**EXERCISE MATERIALS:**
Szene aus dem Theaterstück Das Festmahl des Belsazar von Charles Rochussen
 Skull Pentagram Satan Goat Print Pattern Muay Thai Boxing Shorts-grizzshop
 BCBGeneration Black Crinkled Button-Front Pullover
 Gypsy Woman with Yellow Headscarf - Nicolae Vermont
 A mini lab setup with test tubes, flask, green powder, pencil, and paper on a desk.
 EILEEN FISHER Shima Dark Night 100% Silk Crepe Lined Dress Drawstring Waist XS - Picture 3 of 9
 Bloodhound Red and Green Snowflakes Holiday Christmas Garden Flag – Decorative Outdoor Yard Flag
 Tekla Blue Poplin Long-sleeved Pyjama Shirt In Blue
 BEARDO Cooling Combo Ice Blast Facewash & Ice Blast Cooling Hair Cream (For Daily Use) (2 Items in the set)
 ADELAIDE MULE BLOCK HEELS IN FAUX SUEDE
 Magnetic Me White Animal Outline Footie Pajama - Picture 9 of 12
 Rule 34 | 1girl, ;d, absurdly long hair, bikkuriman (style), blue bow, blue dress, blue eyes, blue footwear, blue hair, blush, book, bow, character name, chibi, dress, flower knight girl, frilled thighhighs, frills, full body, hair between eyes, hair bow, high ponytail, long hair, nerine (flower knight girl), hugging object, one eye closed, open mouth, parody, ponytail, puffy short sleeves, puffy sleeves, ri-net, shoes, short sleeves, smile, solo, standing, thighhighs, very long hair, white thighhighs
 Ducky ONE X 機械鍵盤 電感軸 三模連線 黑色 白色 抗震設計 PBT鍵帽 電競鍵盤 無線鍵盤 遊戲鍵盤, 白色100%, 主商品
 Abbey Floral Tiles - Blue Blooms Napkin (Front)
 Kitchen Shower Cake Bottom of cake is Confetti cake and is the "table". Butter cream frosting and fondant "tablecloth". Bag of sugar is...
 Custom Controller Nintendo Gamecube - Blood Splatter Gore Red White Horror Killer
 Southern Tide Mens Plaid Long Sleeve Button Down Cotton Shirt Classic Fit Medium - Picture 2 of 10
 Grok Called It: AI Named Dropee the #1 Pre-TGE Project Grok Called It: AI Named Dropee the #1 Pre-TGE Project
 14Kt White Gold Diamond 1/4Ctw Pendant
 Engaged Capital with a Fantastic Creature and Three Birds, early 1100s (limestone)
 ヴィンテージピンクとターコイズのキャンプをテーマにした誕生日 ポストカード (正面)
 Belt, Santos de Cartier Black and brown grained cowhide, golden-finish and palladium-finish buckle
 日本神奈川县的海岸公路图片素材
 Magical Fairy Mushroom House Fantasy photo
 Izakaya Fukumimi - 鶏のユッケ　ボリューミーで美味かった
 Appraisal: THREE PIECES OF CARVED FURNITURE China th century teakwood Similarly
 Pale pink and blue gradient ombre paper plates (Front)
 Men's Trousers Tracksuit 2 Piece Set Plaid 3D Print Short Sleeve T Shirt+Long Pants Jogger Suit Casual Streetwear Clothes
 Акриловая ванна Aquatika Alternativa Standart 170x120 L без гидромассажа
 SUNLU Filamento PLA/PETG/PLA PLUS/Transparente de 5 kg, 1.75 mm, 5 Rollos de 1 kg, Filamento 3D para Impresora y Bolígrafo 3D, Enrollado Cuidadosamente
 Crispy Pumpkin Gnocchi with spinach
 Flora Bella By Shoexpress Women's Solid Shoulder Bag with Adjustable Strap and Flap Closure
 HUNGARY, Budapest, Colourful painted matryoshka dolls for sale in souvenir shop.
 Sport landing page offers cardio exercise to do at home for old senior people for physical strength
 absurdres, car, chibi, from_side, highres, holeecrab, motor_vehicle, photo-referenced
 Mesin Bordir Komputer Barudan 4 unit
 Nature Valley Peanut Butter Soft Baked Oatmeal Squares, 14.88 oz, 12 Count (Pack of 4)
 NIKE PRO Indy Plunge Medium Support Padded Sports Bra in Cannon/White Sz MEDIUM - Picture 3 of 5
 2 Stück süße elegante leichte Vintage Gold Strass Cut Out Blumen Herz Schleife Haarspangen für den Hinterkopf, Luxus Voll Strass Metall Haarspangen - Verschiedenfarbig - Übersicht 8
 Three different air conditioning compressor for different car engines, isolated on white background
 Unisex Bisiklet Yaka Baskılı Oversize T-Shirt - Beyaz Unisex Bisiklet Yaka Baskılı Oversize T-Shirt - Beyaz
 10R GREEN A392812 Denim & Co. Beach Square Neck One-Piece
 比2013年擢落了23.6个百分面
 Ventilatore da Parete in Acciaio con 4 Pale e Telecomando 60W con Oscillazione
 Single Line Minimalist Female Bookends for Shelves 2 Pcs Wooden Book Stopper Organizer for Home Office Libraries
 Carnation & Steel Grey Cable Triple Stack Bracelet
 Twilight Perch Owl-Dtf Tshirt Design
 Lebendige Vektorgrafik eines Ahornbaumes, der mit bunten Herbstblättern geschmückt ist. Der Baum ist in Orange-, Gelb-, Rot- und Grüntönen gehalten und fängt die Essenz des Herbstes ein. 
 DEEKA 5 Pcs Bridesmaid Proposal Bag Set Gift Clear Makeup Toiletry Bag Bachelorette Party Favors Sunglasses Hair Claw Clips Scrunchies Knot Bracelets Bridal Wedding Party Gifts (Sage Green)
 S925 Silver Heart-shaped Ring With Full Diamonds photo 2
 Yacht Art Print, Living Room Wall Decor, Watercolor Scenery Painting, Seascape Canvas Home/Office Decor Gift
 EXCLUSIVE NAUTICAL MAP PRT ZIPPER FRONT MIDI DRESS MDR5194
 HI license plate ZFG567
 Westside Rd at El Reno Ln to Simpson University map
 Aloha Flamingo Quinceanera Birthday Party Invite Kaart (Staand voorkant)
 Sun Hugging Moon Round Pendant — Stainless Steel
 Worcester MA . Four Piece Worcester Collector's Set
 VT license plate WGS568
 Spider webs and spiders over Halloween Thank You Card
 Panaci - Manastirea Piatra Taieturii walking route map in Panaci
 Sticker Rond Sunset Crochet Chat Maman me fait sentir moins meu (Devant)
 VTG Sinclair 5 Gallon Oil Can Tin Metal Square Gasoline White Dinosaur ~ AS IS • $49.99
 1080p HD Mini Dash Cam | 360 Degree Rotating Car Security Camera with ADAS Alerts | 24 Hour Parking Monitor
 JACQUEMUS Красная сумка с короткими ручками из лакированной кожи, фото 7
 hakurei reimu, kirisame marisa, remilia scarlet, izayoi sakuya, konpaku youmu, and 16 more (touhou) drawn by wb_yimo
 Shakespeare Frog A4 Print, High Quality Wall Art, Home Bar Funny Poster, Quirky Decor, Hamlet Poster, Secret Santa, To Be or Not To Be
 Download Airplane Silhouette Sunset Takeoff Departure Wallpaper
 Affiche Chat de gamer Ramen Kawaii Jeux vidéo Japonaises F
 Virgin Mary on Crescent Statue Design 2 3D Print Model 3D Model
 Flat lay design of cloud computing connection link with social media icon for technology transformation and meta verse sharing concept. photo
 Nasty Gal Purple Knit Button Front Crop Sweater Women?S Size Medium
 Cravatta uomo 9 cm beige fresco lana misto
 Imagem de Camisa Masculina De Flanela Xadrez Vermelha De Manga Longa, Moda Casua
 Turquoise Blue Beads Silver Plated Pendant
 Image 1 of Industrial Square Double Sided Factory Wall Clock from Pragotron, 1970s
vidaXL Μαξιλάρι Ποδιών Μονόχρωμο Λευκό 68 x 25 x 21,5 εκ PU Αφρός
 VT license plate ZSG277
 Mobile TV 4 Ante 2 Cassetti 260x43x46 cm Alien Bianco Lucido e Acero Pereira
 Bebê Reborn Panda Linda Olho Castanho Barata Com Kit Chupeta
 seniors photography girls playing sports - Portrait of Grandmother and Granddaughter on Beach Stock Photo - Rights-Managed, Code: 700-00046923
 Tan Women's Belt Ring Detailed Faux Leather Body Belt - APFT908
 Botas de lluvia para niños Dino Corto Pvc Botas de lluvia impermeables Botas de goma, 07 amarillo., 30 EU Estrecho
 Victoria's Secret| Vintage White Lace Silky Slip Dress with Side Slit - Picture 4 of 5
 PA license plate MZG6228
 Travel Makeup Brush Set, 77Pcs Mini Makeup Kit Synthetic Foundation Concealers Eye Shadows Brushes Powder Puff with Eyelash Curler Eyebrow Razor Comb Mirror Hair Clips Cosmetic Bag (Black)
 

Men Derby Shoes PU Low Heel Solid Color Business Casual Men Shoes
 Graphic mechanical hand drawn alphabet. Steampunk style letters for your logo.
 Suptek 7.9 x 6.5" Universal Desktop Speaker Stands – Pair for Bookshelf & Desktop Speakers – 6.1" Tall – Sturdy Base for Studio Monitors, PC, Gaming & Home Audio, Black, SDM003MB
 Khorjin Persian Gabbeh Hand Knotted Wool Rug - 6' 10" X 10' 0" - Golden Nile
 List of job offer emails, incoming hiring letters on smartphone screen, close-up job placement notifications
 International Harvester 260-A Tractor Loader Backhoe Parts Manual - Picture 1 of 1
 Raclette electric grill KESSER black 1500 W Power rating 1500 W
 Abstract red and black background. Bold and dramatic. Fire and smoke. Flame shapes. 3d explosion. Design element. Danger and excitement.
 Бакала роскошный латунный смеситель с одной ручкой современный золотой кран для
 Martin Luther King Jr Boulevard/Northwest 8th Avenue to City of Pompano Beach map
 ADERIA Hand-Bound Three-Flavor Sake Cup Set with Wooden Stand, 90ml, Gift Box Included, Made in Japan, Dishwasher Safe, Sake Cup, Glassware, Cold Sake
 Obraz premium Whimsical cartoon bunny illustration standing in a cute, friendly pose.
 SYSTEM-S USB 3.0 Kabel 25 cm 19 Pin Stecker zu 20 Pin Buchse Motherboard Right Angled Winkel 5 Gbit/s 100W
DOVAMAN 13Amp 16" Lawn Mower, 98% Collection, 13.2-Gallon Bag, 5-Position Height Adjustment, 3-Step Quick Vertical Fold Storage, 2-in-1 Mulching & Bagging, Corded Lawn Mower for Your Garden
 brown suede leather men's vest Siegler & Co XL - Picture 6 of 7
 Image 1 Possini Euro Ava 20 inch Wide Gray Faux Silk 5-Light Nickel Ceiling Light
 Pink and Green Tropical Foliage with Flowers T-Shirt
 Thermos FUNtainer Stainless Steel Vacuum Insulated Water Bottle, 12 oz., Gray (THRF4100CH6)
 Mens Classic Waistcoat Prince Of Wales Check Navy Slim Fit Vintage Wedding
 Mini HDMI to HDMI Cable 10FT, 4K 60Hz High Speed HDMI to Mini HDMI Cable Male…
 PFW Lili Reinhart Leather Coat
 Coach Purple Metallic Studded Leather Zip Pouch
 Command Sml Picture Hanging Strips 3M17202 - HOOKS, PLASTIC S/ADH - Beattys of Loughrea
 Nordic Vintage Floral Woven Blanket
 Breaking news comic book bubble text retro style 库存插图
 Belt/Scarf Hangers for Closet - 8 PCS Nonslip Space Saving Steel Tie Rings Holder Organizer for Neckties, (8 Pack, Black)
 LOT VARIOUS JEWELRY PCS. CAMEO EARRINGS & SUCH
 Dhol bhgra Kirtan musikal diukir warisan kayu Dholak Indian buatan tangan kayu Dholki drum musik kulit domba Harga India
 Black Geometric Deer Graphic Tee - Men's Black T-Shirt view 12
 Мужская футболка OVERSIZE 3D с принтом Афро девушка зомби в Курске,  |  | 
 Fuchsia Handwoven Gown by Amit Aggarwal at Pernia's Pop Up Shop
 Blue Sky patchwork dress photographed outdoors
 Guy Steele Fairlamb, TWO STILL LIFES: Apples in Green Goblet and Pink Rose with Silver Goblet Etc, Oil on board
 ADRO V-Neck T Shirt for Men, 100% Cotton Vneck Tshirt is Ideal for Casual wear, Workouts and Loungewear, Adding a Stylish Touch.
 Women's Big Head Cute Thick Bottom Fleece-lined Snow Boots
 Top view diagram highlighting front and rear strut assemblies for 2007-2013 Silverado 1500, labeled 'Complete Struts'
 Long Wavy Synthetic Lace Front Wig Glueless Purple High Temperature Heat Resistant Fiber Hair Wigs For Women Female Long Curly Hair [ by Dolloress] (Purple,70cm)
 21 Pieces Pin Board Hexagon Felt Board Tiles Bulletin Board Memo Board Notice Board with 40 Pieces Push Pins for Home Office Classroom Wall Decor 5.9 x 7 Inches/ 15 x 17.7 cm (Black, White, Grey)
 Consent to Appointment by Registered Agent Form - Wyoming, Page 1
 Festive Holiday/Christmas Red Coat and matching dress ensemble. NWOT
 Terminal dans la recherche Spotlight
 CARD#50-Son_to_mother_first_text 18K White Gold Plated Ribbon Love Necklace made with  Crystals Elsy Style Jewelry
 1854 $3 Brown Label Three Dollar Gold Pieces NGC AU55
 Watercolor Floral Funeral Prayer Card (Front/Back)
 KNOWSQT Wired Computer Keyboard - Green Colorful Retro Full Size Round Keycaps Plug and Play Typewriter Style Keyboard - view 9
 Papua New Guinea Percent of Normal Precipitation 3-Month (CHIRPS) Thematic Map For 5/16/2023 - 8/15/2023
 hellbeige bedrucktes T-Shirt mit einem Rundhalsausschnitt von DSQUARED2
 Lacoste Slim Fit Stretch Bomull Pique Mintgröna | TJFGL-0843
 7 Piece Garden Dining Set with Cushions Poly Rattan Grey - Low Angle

**ACTIVITY:**
Check each line of the listing for "Pendant", and copy the ones that hold it.

**SOLUTION TO THE EXERCISE:**
 14Kt White Gold Diamond 1/4Ctw Pendant
 Sun Hugging Moon Round Pendant — Stainless Steel
 Turquoise Blue Beads Silver Plated Pendant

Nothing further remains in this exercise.